TASK STATEMENT – Output nothing except the lines from the one containing "Crosslinking of polyaryletherketones" through the final line of the data, both included, typed exactly, minus the pictures.

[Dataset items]

==================================================

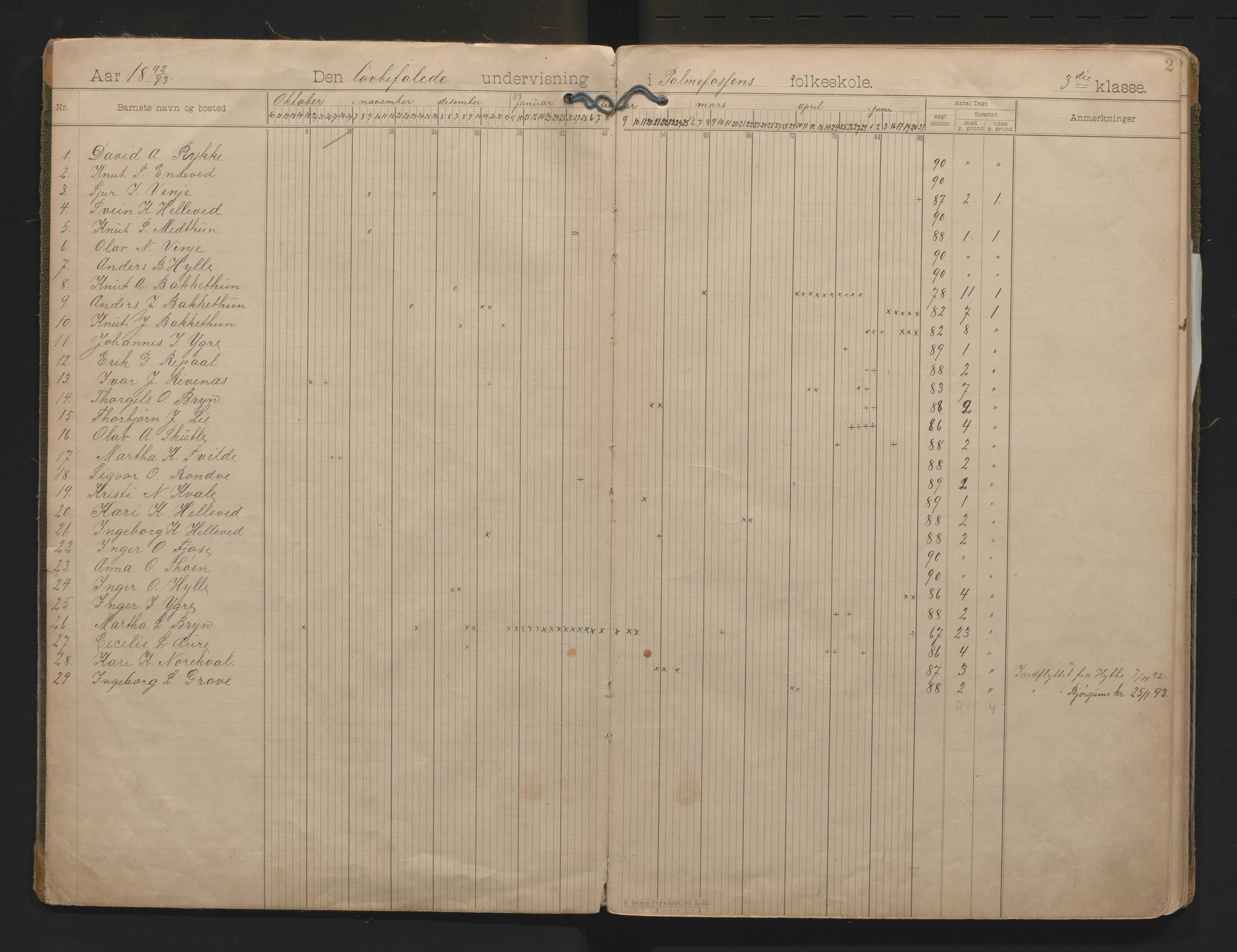 Voss kommune. Barneskulane, IKAH/1235-231/G/Ge/L0004: Dagbok for Palmafossen skule m/inventarliste, 1892-1913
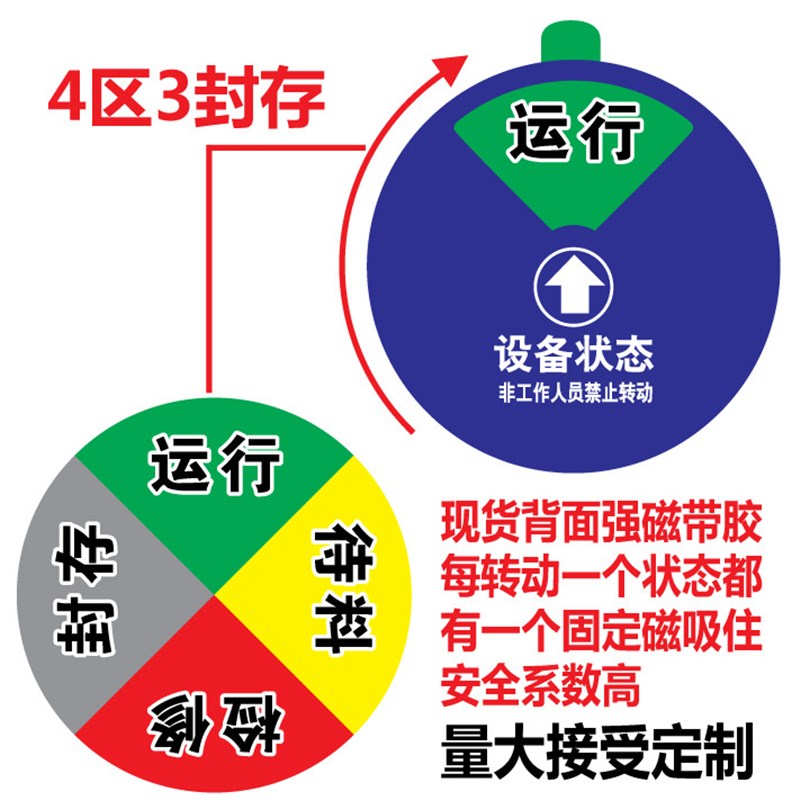 亚克力设备状态标识牌 旋转磁铁机器设备状态运行 管理分区指示牌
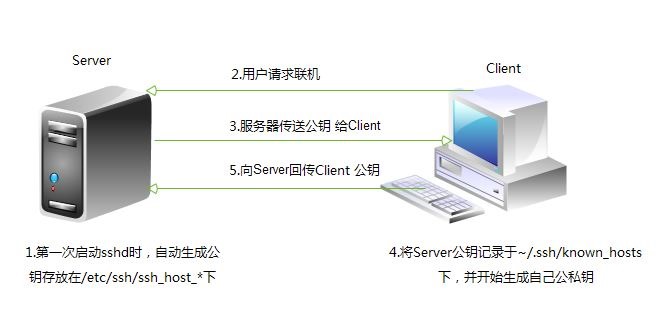 SSH协议学习笔记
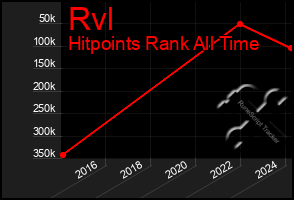 Total Graph of Rvl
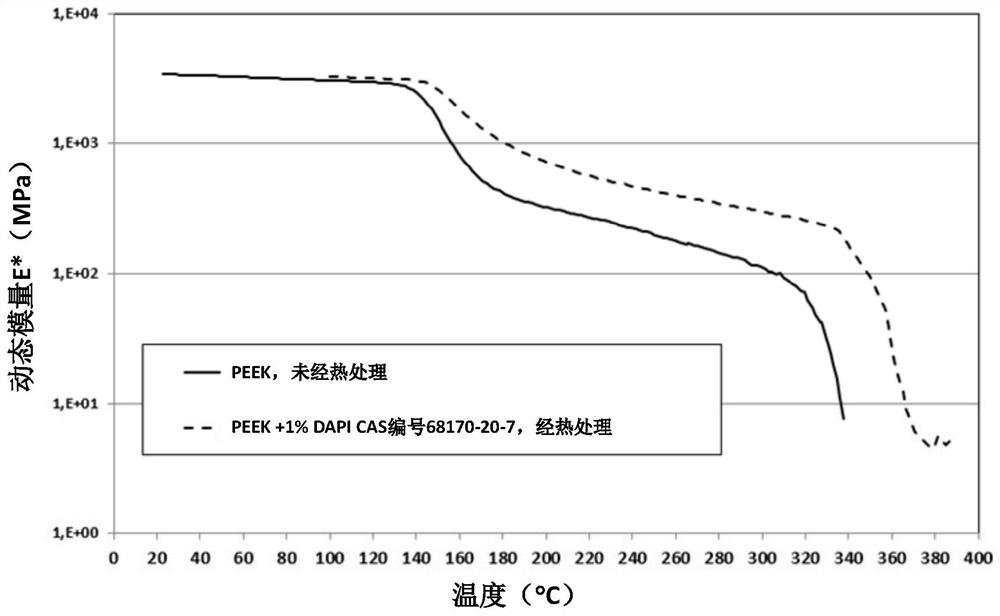 Crosslinking of polyaryletherketones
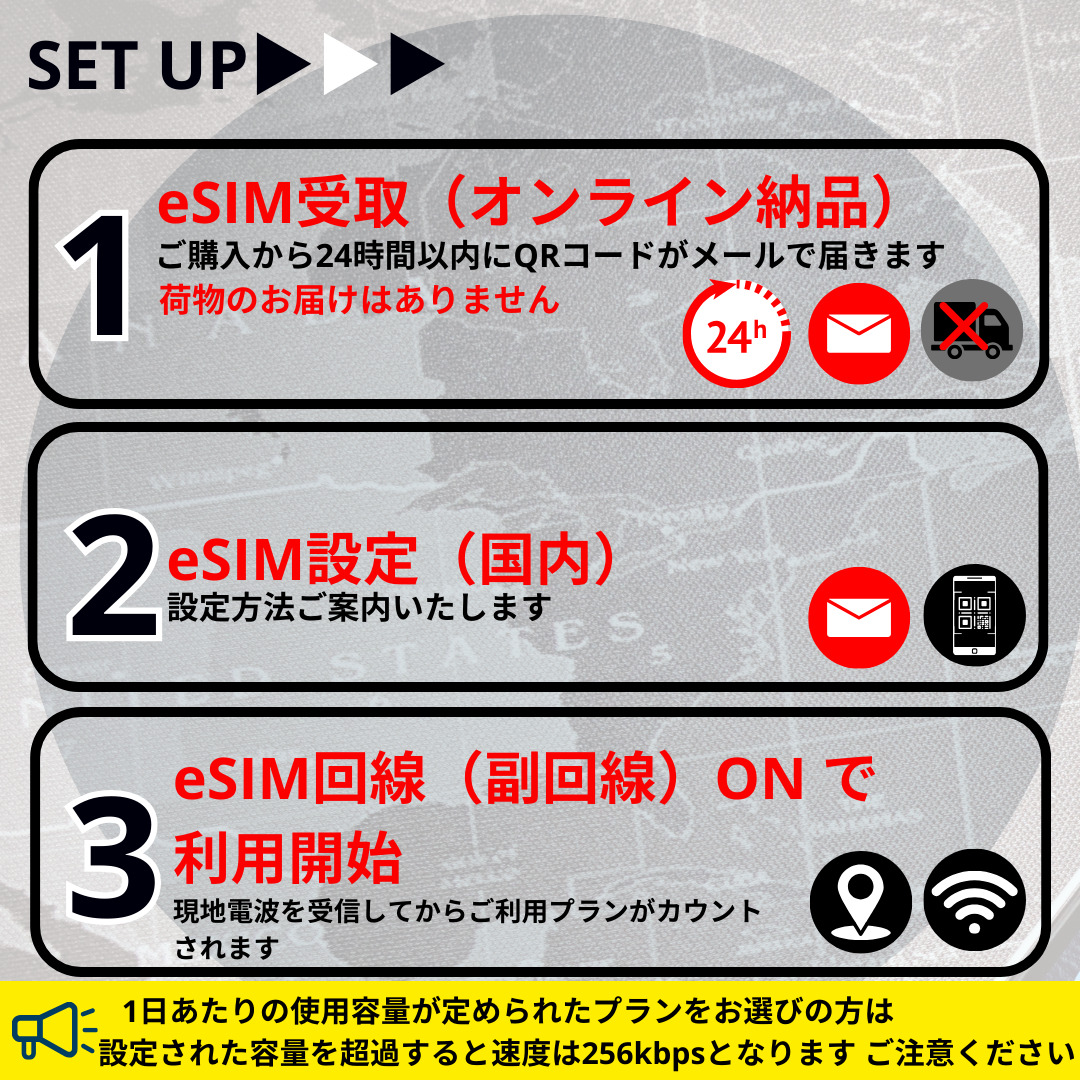 福袋 日本eSIM】メールで納品完了(24時間以内・荷物発送無し) 3日間 ボディクリーム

==================================================

REPLY –
 Crosslinking of polyaryletherketones
 福袋 日本eSIM】メールで納品完了(24時間以内・荷物発送無し) 3日間 ボディクリーム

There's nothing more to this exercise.